There is a generational thing happening in the article that is pretty easy to dismiss outright. Wampole is candid about her age (~35), romanticizes 90s Gen X slacker culture, and surprise—rejects the youth culture of today, which she says is by comparison “too comfortable, too brainlessly compliant” (this comes immediately after somehow managing to describe “eating anti-depressants like candy” as an act of 90′s social unrest). She makes familiarly problematic generalities about the sad rhetorical trope of the apolitical “hipster” (I see you Adbusters), the fictive specter of which she often gets dangerously close to conflating with young, creative class kids or at other times, whatever type of vaguely liberal, privileged living Portlandia is supposed to be about.

But I don’t care about any of that—that’s all really boring and those subjects are well-established in history’s pressure-cooker to lead us directly down the narrow alley of nowhere. What is more useful I think, is the way Wampole’s invested and passionate analysis’ tendency to occasionally erase boundaries and over-simplify gives insight into what we might give up if we actually let go of irony—but only, of course, we accept a correspondingly polarized idea of what irony is.

Irony is too often confused for sarcasm. While it’s true that sarcasm is often a particularly effective tool in the artillery of the ironic frame, it should not be mistaken for the purpose to which it is set. Most definitions of sarcasm reference irony, and it’s easy to see why: in it’s most basic form, sarcasm is saying something you don’t really mean. Isn’t that the same thing as irony? Not exactly.

Sarcasm is just as capable of working in service of sincere expression. Sarcasm can say something very directly by articulating its opposite or surplus and laying bare the speaker’s emotional orientation towards that thing. It’s easy to imagine how you can make yourself vulnerable in conversation by saying something sarcastic. Sarcasm is a means of communicating indirectly, but so is the most earnest poetry. So much indirect communication is visceral and intense, and its indirectness or referentiality does not preclude its honesty. Neither sarcasm nor indirectness is the same thing as the ironic frame and both must be saved from the joyous bonfire we are preparing.

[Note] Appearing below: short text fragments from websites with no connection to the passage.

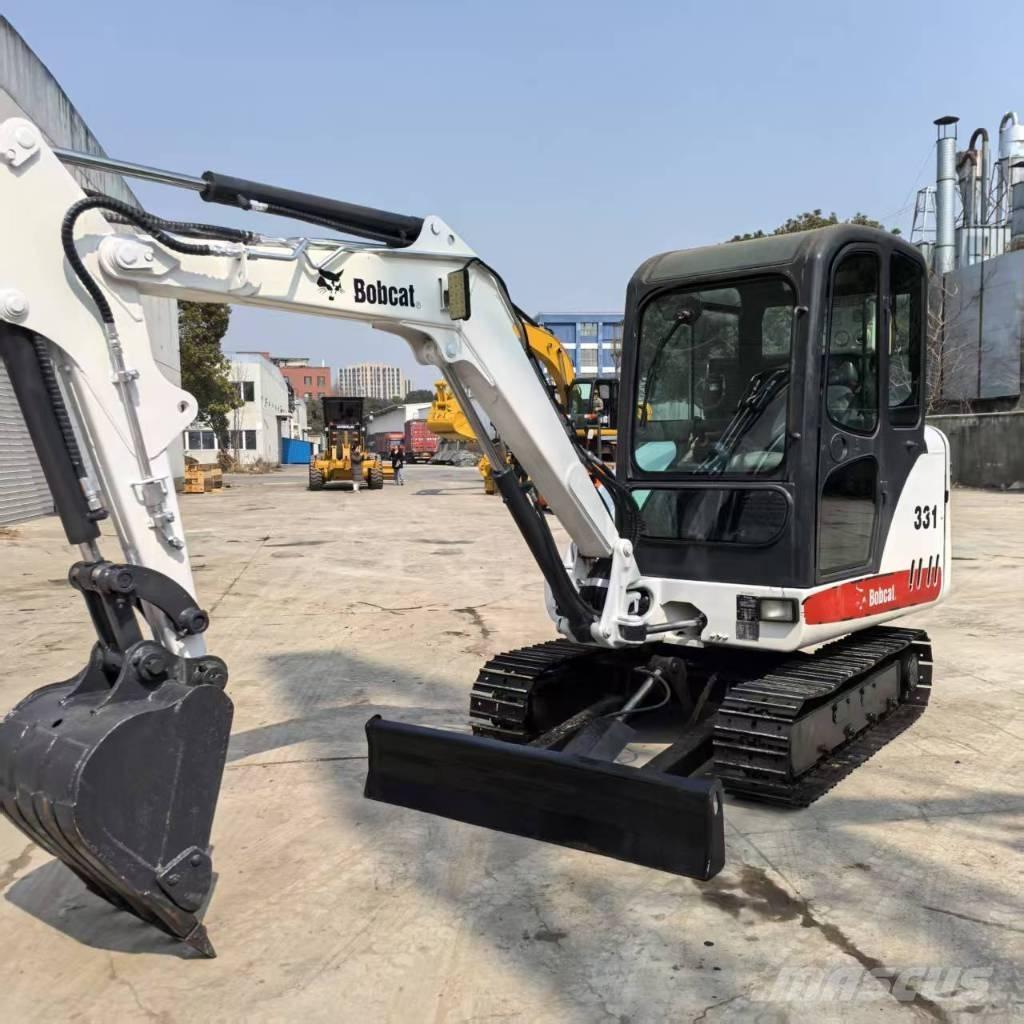 Bobcat 331 Minikoparki
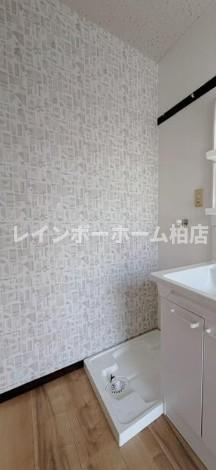 ミッキーマウスのアクセントクロス♪独立洗面台あり♪の設備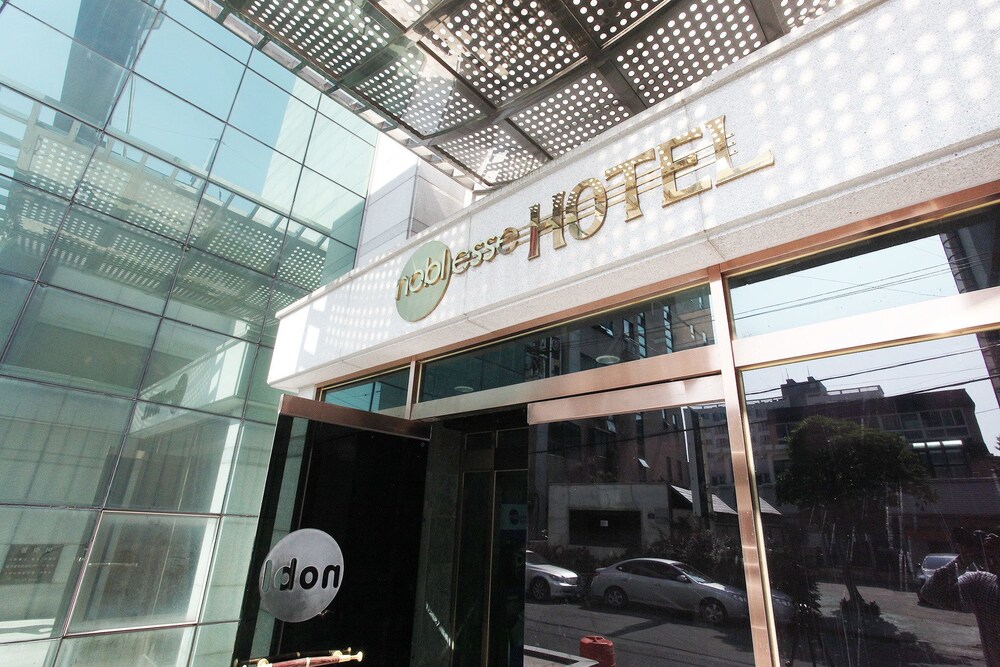 호텔 입구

Irony can produce real value. Even if the origin story for the invention or appropriation of a signifier or idea is insincere, once that idea is set in motion down the river of public art it can be reappropriated and used as a vehicle for completely sincere emotional expression or other work that indisputably takes the risks irony fears. What I’m saying is irony and even ironic living is often deeply generative, and if it can be criticized on other grounds, we must admit it continues to produce useful creative output.

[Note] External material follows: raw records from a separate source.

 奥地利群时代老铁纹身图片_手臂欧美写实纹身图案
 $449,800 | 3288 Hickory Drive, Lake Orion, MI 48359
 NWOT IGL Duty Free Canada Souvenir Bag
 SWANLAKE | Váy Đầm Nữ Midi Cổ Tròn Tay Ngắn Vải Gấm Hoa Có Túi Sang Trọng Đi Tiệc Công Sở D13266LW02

Certain works of ironic art are also just really good, and their irony is the fulcrum on which some of that value turns. I consider Mac DeMarco or Ariel Pink to be artists who can veer into the deeply ironic, and while I’ll admit that the songs of theirs that resonate most with me tend be the ones that pretend to vulnerability or real emotion, there’s also the undeniable reality that some of their songs sound like jokes that I, earnest over-emoter, am not in on—and that’s probably why they’re good.

Humor is a crucial prism in some people’s lives, and it seems perfectly honest for people like that to make jokes and absurdity a part of their art, and especially their living. Humor always requires a measure of distance, but distance does not by itself need to amount to disinvestment. Being earnest and not lightening the fuck up on occasion is a pretty egregious sin of its own.

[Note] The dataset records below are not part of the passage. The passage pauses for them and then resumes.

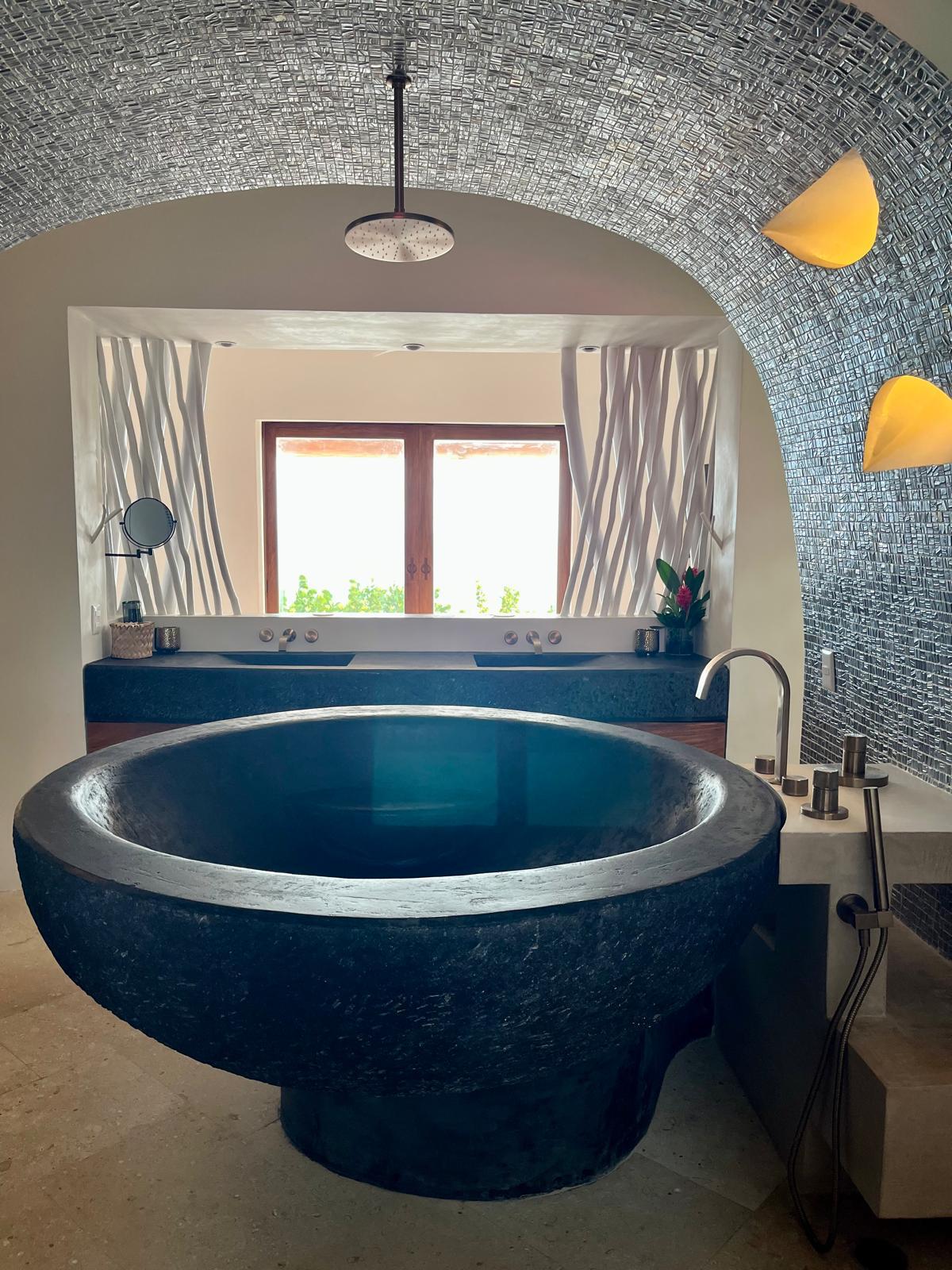 Casapapellilo.com - Casa Papelillo - Costa Careyes - Chamela - Bedroom - Sun - Bathroom 1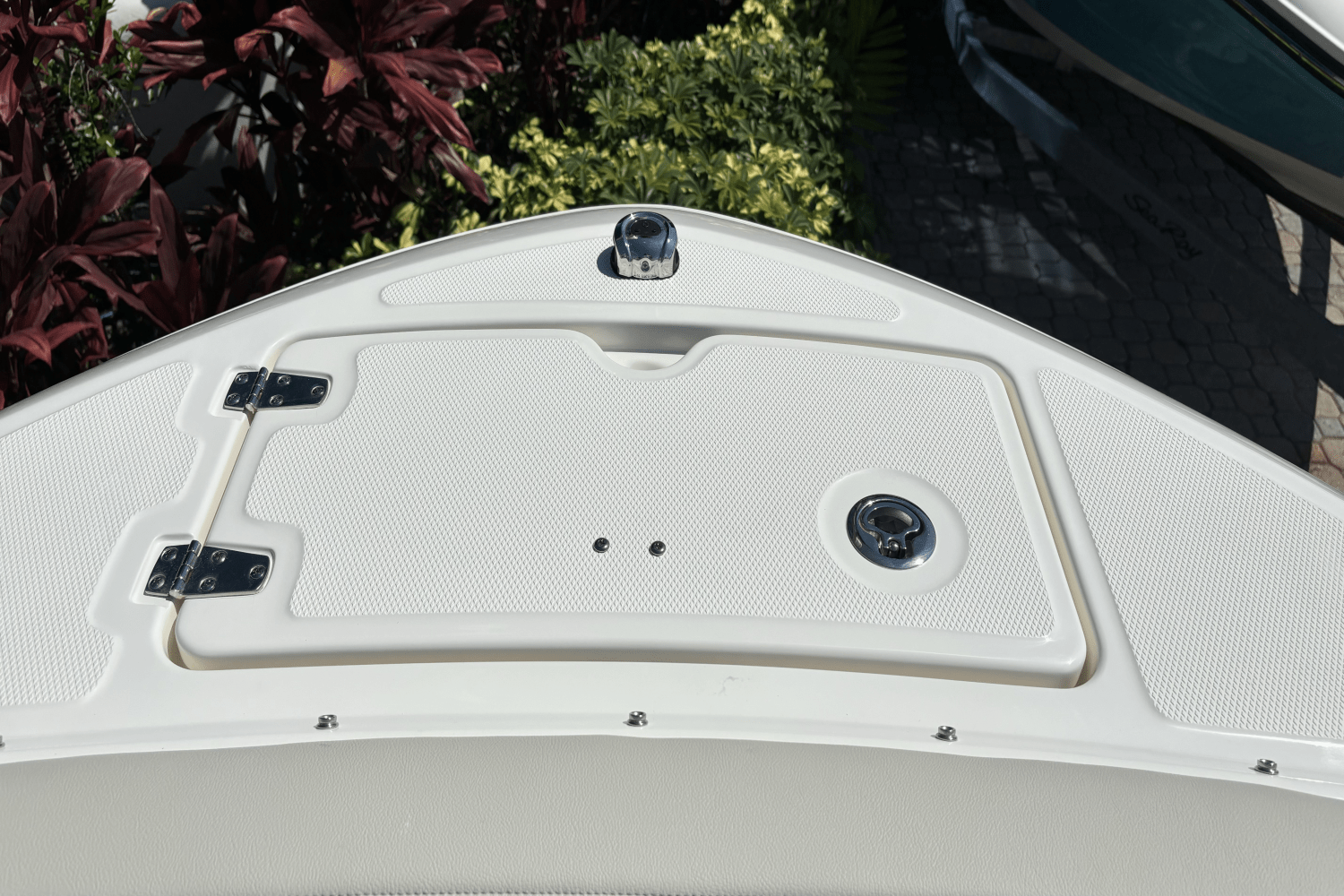 Slide: The Image of Boston Whaler 210 Vantage 2024 - 12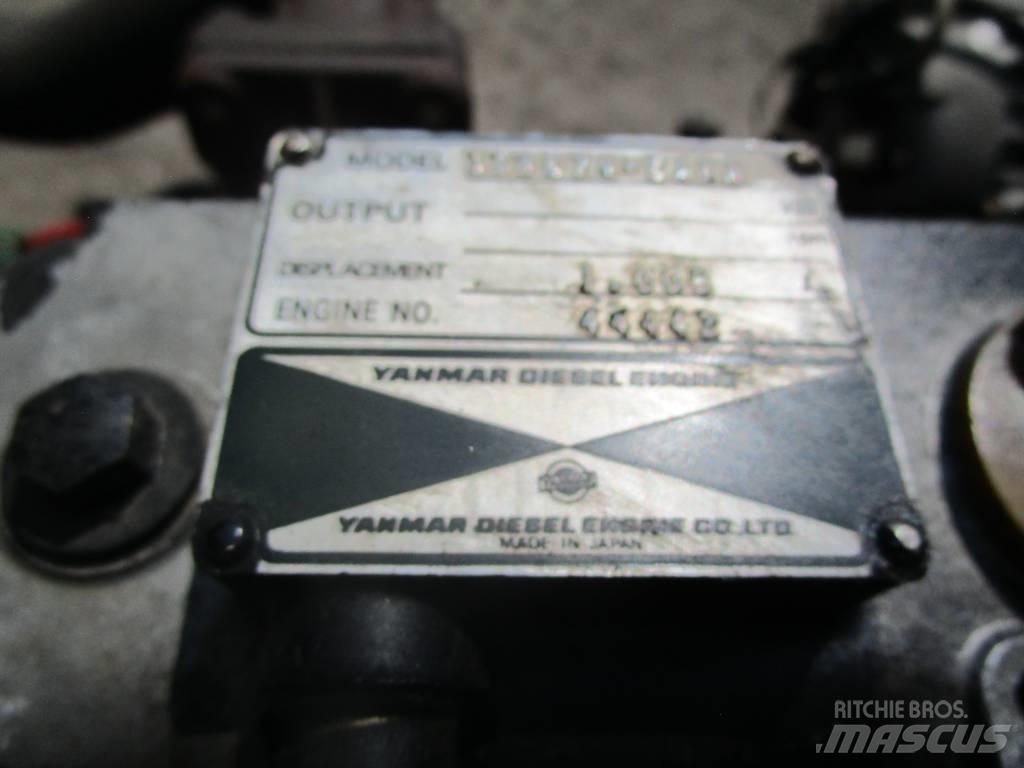 Ammann AV 16 E Tandemové válce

One of the reasons I had an immediate reaction to Wampole’s piece is because of the illustration the article was saddled with: 20-somethings wearing colorful Justin Bieber shirts—shirts which are more or less exactly the kind of thing I wear on the regular. I don’t think there’s anything incommensurate between that and the fact that I make (sometimes awkwardly) sincere music.

Mind you, I wouldn’t wear that shirt ironically either - I can and do deliver conversational sermons on Justin Bieber, R. Kelly, Jann Arden, Taylor Swift, Jimmy Eat World, PM Dawn, and Phil Collins that are just as wide-eyed as you might expect from a teenaged superfan. Is it the fact that I’m not a member of those artists’ main target demographics that makes my appreciation somehow “hip” or even, to outside eyes, “ironic”? If Wampole saw me in her class wearing that shirt there would be nothing to discern me from the “hipsters” that “produce a distinct irritation in [her]”. This is dangerous in its own way, and points to my final concern.

Critiques of irony almost always come with a weird message of normalization in their backpacks, whether intentionally or not. Wampole is cognizant of this and warns that the present age of irony makes us vulnerable to ever-hovering fundamentalism—black and white lines, and the damage they can do. But the same weird normalization pressure she’s wary of comes out in her analysis when she talks about how to “live without irony” when getting dressed:

“Look at your clothes. What parts of your wardrobe could be described as costume-like, derivative or reminiscent of some specific style archetype (the secretary, the hobo, the flapper, yourself as a child)? In other words, do your clothes refer to something else or only to themselves? Do you attempt to look intentionally nerdy, awkward or ugly? In other words, is your style an anti-style?”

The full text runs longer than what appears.